The world of education is no stranger to automation. Over the past two centuries, we’ve seen waves of automation that have eliminated certain jobs while creating new ones. This process, while sometimes disruptive, has ultimately led to increased prosperity and efficiency.

For school administrators and teachers, generative AI tools could automate many tasks, freeing up time for more strategic and student-focused activities. For example, these tools could automate administrative tasks such as scheduling, record-keeping, and communication with parents. They could also assist teachers with tasks such as grading, lesson planning, and even providing personalized learning support for students.

However, the adoption of these tools is not without challenges. The tools that people use to do their jobs are complicated and very specialized, embodying a lot of work and institutional knowledge. Replacing or automating any of these tools and tasks is not trivial. There’s a huge difference between an amazing demo of a transformative technology and something that a big complicated organization can use.

Moreover, while generative AI tools can answer ‘anything’, the answer might be wrong. They are not databases but pattern matchers. They can produce answers that fit the pattern of the question but may not be factually correct. This means that while they can automate many tasks, their outputs still need to be checked.

Despite these challenges, the potential benefits of generative AI tools in K-12 education are immense. They could lead to more efficient administration, more personalized learning, and ultimately, better educational outcomes for students. However, it’s important to remember that these tools are not a magic bullet. They are just another wave of automation, and their successful implementation will require careful planning, training, and adjustment.

In conclusion, generative AI tools hold great promise for automating tasks in K-12 education. However, their adoption will require careful planning and a clear understanding of their capabilities and limitations. As with any new technology, the key to success will be in how well we integrate these tools into our existing systems and processes, and how well we adapt to the new ways of working they enable.


  1. What is generative AI? Generative AI, including Large Language Models (LLMs) and ChatGPT, represents a significant change in what we can automate with software. It’s not just about replacing human effort but also about creating entirely new kinds of automation.
  2. How fast is the adoption of generative AI tools like ChatGPT? The adoption is happening very rapidly. For instance, ChatGPT has amassed over 100 million users in just six months.
  3. What is the potential impact of generative AI on jobs? Generative AI tools have the potential to automate many tasks, which could lead to job displacement. However, similar to previous waves of automation, they could also create new types of jobs.
  4. What challenges are associated with the adoption of generative AI tools? The tools people use to do their jobs are complicated and very specialized, embodying much work and institutional knowledge. Replacing or automating any of these tools and tasks is not trivial. Additionally, while generative AI tools can answer ‘anything,’ the answer might be wrong as they are not databases but pattern matchers.
  5. What is the potential of generative AI tools in the education sector? In the education sector, generative AI tools could automate many administrative tasks and assist teachers with tasks such as grading, lesson planning, and even providing personalized learning support for students.
  6. What is the future of generative AI tools? The future of generative AI tools is likely to involve more automation, but also more integration with existing systems and processes.

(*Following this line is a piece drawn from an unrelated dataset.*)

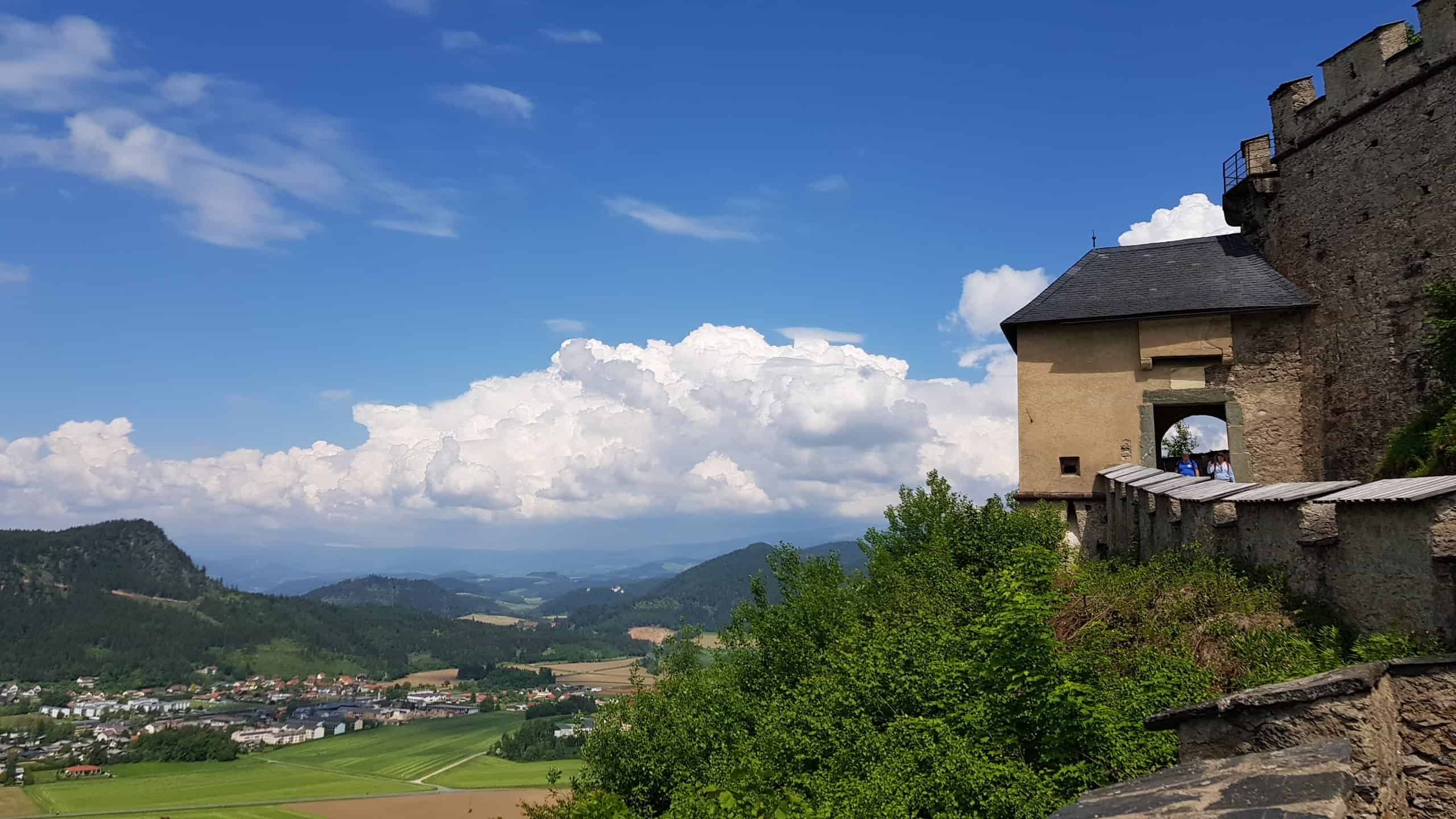 Mauertor Hochosterwitz mit Aussicht auf Landschaft - Ausflug ins Mittelalter in Kärnten, Österreich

Their successful implementation will require careful planning, training, and adjustment.
  7. What is the ‘Lump of Labour’ fallacy? The ‘Lump of Labour’ fallacy is the misconception that there is a fixed amount of work to be done and that if a machine takes some work, there will be less work for people. However, if it becomes cheaper to use a machine to make, say, a pair of shoes, then the shoes are cheaper, more people can buy shoes, and they have more money to spend on other things besides, and we discover new things we need or want, and new jobs.
  8. What is the Jevons Paradox? The Jevons Paradox suggests that as technological progress increases the efficiency with which a resource is used, the total consumption of that resource may increase rather than decrease. This paradox has been applied to white-collar work for 150 years.
  9. What is AGI (Artificial General Intelligence)? AGI refers to a type of artificial intelligence that is as capable as a human at any intellectual task. If we had AGI, it could potentially change everything, including overriding all the complexity of real people, real companies, and the real economy. However, as of now, we do not have AGI, and without that, we have only another wave of automation.
  10. How can generative AI tools help in personalized learning? Generative AI tools can provide personalized learning support for students by adapting to each student’s learning style and pace. They can provide additional explanations, practice problems, and feedback, making learning more effective and engaging.
  11. Can generative AI tools replace teachers? While generative AI tools can assist with tasks such as grading and lesson planning, they are not a replacement for teachers. Teachers play a crucial role in motivating students, managing the classroom, and providing emotional support, among other things. These are aspects that cannot be automated.
  12. What is the role of generative AI tools in administrative tasks? Generative AI tools can automate administrative tasks such as scheduling, record-keeping, and communication with parents. This can free up time for school administrators to focus on more strategic tasks.
  13. What is the difference between a database and a pattern matcher in the context of generative AI tools? While databases store and retrieve factual information, pattern matchers, like generative AI tools, generate responses based on patterns they’ve learned from data. This means they can produce answers that fit the pattern of the question but may not be factually correct.
  14. What is the importance of careful planning and training in adopting generative AI tools? The successful implementation of generative AI tools requires careful planning and training. This is because these tools must be integrated into existing systems and processes, and users need to understand their capabilities and limitations.
  15. What does it mean that generative AI tools are not a magic bullet? This means that while generative AI tools hold great promise, they are not a solution to all problems. Their successful implementation will require careful planning, training, and adjustment. They are just another wave of automation, and their impact will depend on how well we adapt to the new ways of working they enable.
  16. What is the potential impact of generative AI tools on educational outcomes? By automating administrative tasks and assisting with teaching tasks, generative AI tools could lead to more efficient administration, more personalized learning, and, ultimately, better educational outcomes for students.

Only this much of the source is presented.